A cozinha do Pará, que carrega sabores únicos com referências ao Brasil antigo e à alimentação indígena, é homenageada em festivais em São Paulo

THIAGO NEY
ENVIADO ESPECIAL A BELÉM

Molhada, a carne desfia apenas com a aproximação do garfo. Está amparada (mais) por um saboroso caldo amarelo e (menos) por uma erva de sabor anestesiante. Se você, como eu, sempre achou que peru é uma ave de carne invariavelmente seca, precisa urgentemente provar o peru no tucupi.
Peru pode ser encontrado em qualquer lugar. Já o tucupi (o caldo amarelo) e o jambu (a erva anestesiante) são menos comuns -esse caldo de origem indígena, derivado da mandioca, é uma das peças de resistência da culinária paraense, que, até que enfim!, está recebendo a devida reverência nas cozinhas do Sudeste.
Principal divulgador de pratos como maniçoba (mal comparando, uma espécie de feijoada feita com com a folha da mandioca-brava moída, cozida e fervida durante sete dias), pato no tucupi, tacacá (caldo que leva tucupi, jambu, goma de tapioca e camarões secos) e filhote (saborosíssimo peixe de rio), o Lá em Casa, restaurante de Paulo Martins, fará uma apresentação da comida de Belém no Porto Rubaiyat, em São Paulo, até o próximo domingo.
Já Ana Luiza Trajano prepara no seu Brasil a Gosto um cardápio especial com ingredientes paraenses. O Tordesilhas e o Amazônia investem em pratos do Pará há algum tempo (veja endereços nesta página).

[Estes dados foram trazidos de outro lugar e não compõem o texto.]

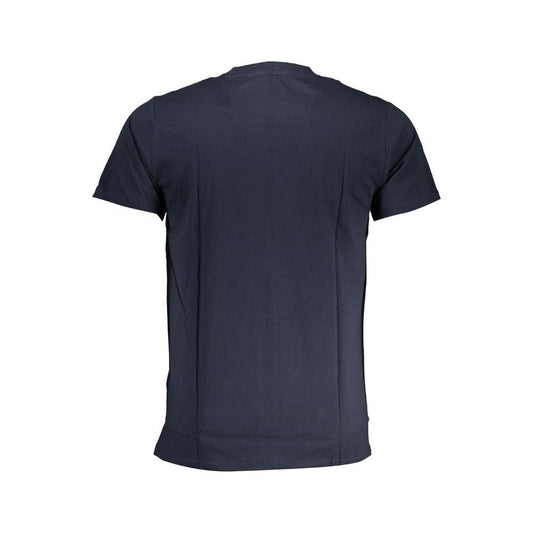 Cavalli Class Blue Cotton T-Shirt Cavalli Class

"É uma cozinha totalmente indígena, de sabor forte, bem acentuado. Ou você gosta ou você não gosta. Não tem meio termo", brinca Tania Martins, que está no comando da cozinha do Lá em Casa (tel. 0/xx/ 91/3242-4222). "Apesar de ser forte, não é uma comida tão pesada, é de fácil digestão. Por exemplo, o paraense come maniçoba no almoço."
Paulo Martins ajudou a divulgar ingredientes como tucupi, chicória (diferente da encontrada no Sudeste) e jambu ao realizar, desde 2000, um festival gastronômico em Belém.

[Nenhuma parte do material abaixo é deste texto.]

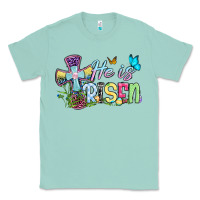 Seafoam Easter Day He is risen Classic Tee - OliviaCreatesArt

"É a mais particular, a mais genuína cozinha do Brasil", afirma Mara Salles, do Tordesilhas. "Porque foi a que ficou mais preservada, até pela dificuldade de acesso à Amazônia. Isso isola seus habitantes e sua cozinha. É a comida que mais remete ao Brasil antigo."
Além do pato no tucupi, prato típico das áreas indígenas, a região é farta em peixes como o pirarucu (conhecido como "o bacalhau da Amazônia", por ser conservado em sal), o filhote (que pode chegar a mais de 200 kg) e a pescada-amarela.
"Os peixes são grandes, gordos, pois há abundância de alimentos. E as ervas e pimentas possuem um gosto único, que remetem a um ambiente quente e úmido", avalia Mara. "É uma região muito particular, com sabores muito particulares, por causa da floresta."
"As ervas e as especiarias conferem alguns aromas que, ao serem misturados aos peixes e frutas da região, criam pratos com um sabor único, inimitável", pontua Ana Luiza Trajano.

Dificuldade
Se diversas regiões do Brasil já exportam seus alimentos e pratos para o restante do país (Bahia, Ceará, Rio Grande do Sul etc.), a culinária do Pará não foi adotada em outros lugares pela dificuldade em transportar ingredientes como jambu.
"O jambu tem pouca durabilidade", diz Tania Martins, "então nós pré-cozinhamos e congelamos para mandar para chefs de São Paulo. Com a alfavaca, é a mesma coisa".
O jambu já está sendo plantado em algumas regiões do Estado de São Paulo, mas, afirma Mara, "não tem o mesmo brilho" do jambu paraense.
Como resolver o problema? "Dando lucro às companhias aéreas", responde Mara. "Porque o produtor paraense não cobra caro pelas ervas, pelos peixes. Mas em São Paulo temos de embutir nos pratos o custo do transporte. Temos de receber esses produtos via avião", diz ela, que fará, em dezembro, festival com uma cozinheira indígena da Amazônia.